The other two? Well here's where the Commish and I disagree, at least publicly. Stern stated publicly yesterday that he intends to address the tanking issue this offseason, vowing to find a way to stop teams from tanking to get the best possible pick. Me personally, I'm not bothered by Memphis or Boston sucking to get a chance at once-in-a-decade talents like Greg Oden or Kevin Durant. As the Sports Guy and numerous others have explained, a potential superstar can change the fortunes for a team in basketball more than any other sport, so why wouldn't a team with no chance of making the playoffs give themselves the best possible chance to land one of these two? It's not like this happens every year either. Since the lottery concept began in 1985, and was tweaked after 1993 (when the Magic landed back-to-back #1 picks) there's only been a handful of drafts where there's been a player worth tanking for: Ewing in '85, Shaq in '92, Webber/Penny Hardaway in '93, Duncan in '97, and Lebron/Melo in '03. Including this year, that's 6 drafts in 23 years.
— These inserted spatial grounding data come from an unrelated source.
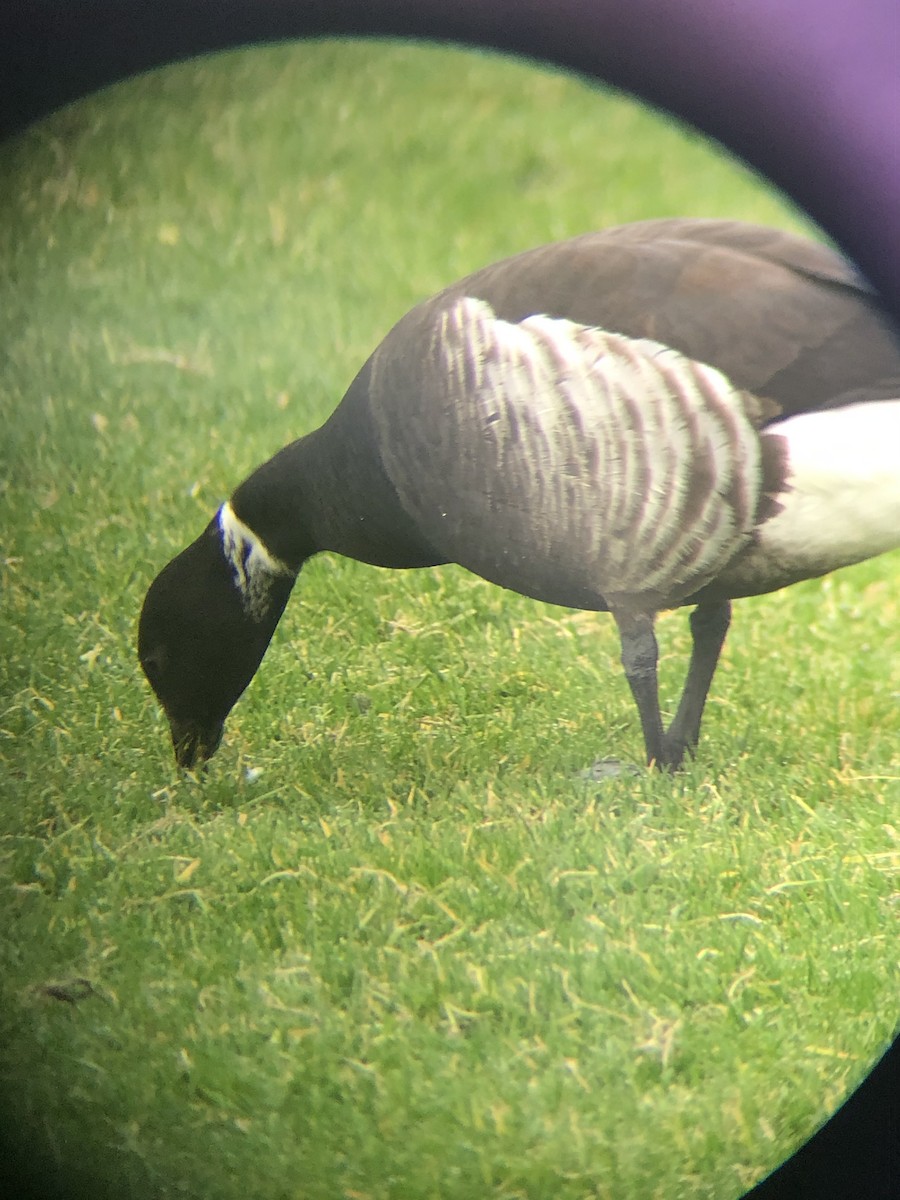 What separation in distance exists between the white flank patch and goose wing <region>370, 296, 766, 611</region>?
0.15 ft

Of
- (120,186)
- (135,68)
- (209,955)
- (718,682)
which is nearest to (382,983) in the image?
(209,955)

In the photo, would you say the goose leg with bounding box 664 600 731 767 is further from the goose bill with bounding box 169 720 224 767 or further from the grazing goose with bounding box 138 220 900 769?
the goose bill with bounding box 169 720 224 767

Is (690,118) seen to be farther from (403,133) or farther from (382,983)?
(382,983)

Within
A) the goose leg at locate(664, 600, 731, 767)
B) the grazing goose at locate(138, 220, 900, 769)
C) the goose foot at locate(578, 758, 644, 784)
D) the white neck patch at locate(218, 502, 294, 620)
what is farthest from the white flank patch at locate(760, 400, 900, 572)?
the white neck patch at locate(218, 502, 294, 620)

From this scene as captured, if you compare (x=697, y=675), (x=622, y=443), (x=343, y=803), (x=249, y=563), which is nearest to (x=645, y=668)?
(x=697, y=675)

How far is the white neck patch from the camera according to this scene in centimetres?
179

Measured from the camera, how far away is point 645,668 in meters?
1.77

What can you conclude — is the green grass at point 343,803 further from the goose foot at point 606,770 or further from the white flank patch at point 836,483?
the white flank patch at point 836,483

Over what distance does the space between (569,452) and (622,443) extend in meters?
0.07

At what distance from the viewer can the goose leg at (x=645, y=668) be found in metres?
1.76

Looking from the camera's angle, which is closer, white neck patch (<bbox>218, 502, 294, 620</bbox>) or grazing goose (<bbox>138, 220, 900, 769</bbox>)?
grazing goose (<bbox>138, 220, 900, 769</bbox>)

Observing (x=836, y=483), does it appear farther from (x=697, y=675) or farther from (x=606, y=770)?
(x=606, y=770)

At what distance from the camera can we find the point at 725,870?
5.65ft

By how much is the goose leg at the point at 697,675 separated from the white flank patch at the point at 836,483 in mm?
140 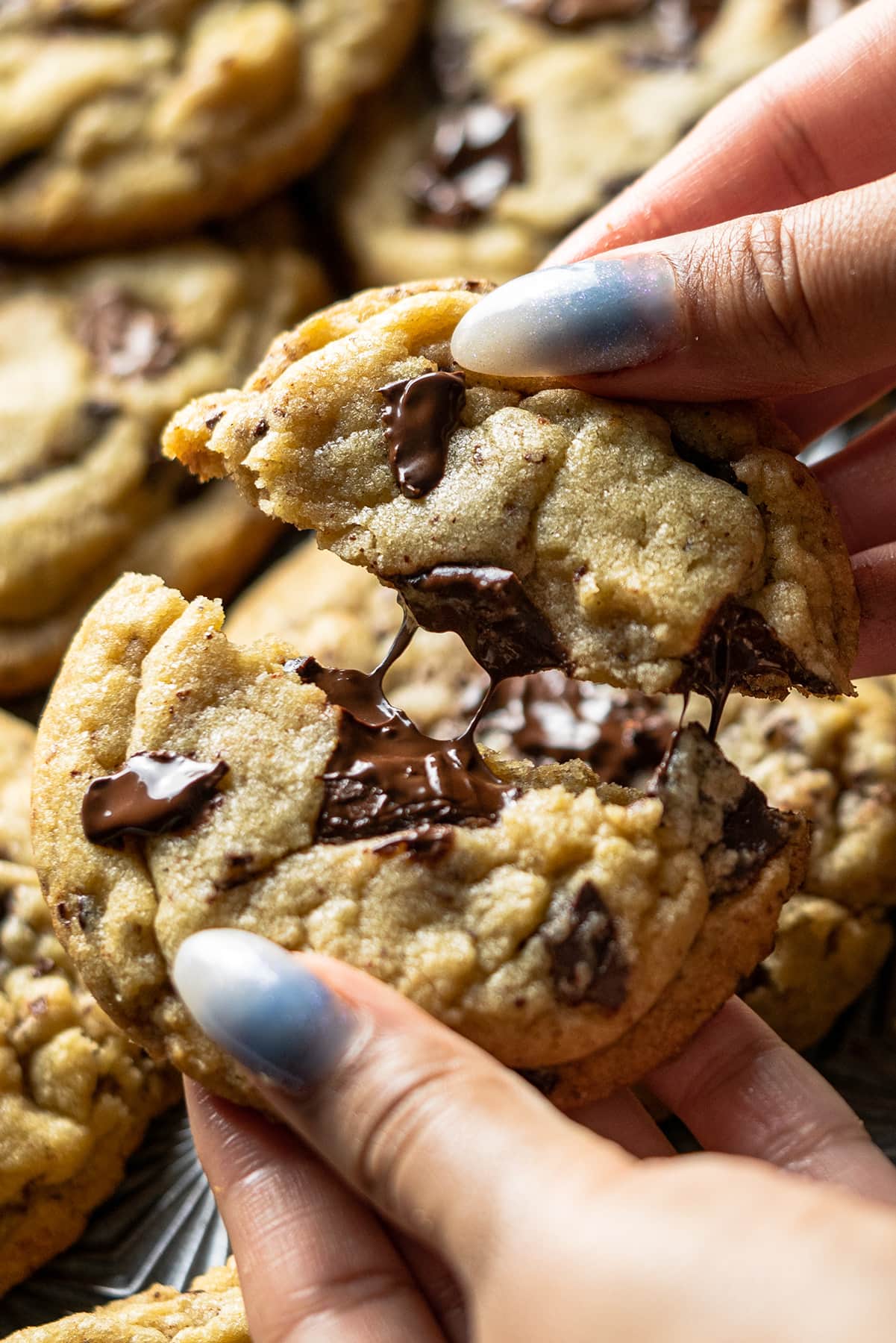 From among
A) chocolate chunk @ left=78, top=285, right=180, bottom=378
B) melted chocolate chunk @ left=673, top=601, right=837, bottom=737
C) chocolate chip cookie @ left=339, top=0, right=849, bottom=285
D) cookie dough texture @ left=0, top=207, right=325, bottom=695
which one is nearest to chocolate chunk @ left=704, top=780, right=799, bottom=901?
melted chocolate chunk @ left=673, top=601, right=837, bottom=737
The tanking that DOES bother me hits with the NBA's other real problems, which are an image of lazy players, and dumb GM's. For the 2nd year in a row, the aforementioned Wolves are trying to secure a particular draft spot so they don't lose their pick because their GM made a bad trade/signing. The TPups aren't alone either, as Atlanta and Indiana tried to do the same this year, and you can be certain that with so few competent GM's in the league, and so many players getting guaranteed contracts no matter how they perform, this isn't going away. GM's will continue to make dumb trades and sign guys to bad contracts, crippling their team. I mean really, what options do the Wolves have right now? McHale has screwed up this roster so badly with poor drafting, trades and free agent signings, that their only hope of keeping Garnett is to keep their #1's and land Oden or Durant. That's it. So KG, who's been one of the toughest and most reliable players in the last decade, suddenly has a mysterious injury so the team can suck and keep it's draft position, where McHale will only make another dumb pick.
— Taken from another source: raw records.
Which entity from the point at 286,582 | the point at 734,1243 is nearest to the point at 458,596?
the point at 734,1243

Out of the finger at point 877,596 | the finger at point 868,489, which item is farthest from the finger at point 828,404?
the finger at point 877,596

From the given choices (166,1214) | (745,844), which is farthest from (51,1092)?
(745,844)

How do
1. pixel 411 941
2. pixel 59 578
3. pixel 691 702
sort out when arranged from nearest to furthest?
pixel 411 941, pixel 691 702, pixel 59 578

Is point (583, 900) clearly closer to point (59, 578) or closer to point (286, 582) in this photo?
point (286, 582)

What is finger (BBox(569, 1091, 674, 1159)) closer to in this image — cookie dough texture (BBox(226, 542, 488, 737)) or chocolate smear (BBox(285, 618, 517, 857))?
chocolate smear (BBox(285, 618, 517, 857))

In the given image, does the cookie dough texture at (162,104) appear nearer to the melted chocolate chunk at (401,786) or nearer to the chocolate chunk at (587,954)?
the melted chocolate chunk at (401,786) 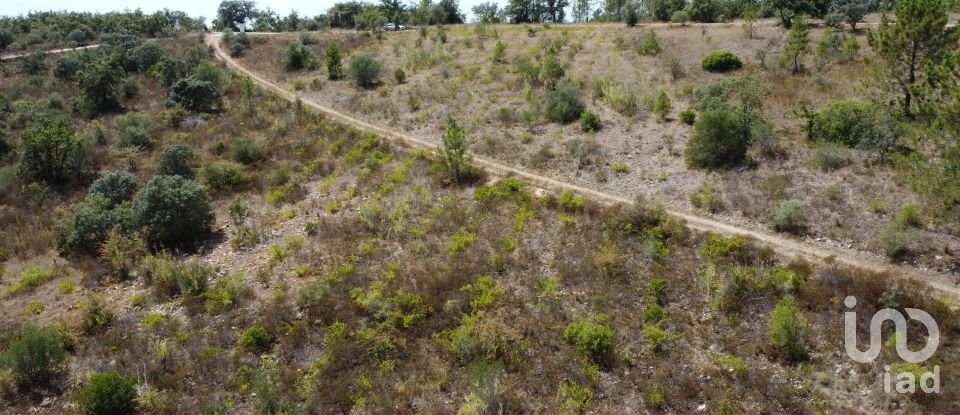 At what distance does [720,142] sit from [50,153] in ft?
106

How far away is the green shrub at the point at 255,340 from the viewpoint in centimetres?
1588

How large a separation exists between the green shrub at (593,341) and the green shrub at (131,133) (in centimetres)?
2923

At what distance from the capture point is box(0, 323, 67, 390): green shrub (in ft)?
48.2

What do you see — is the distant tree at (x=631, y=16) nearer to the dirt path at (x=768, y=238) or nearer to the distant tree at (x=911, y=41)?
the distant tree at (x=911, y=41)

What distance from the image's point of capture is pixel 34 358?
1481 cm

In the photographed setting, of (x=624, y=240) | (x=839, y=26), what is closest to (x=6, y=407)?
(x=624, y=240)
The solution to dumb GM's and lazy players is simple: do away with guaranteed contracts. It's why the NFL is the most popular sport on the continent, because players HAVE to give their all or they get cut. Doing this in the NBA would do a much better job of making players give max effort, and also letting GM's off the hook for bad contracts. Fans get to see players actually trying on a nightly basis, and they know their teams aren't trapped in salary cap hell if/when their GM makes a dumb move. Everybody wins- well except the lazy-ass players who currently get guaranteed money.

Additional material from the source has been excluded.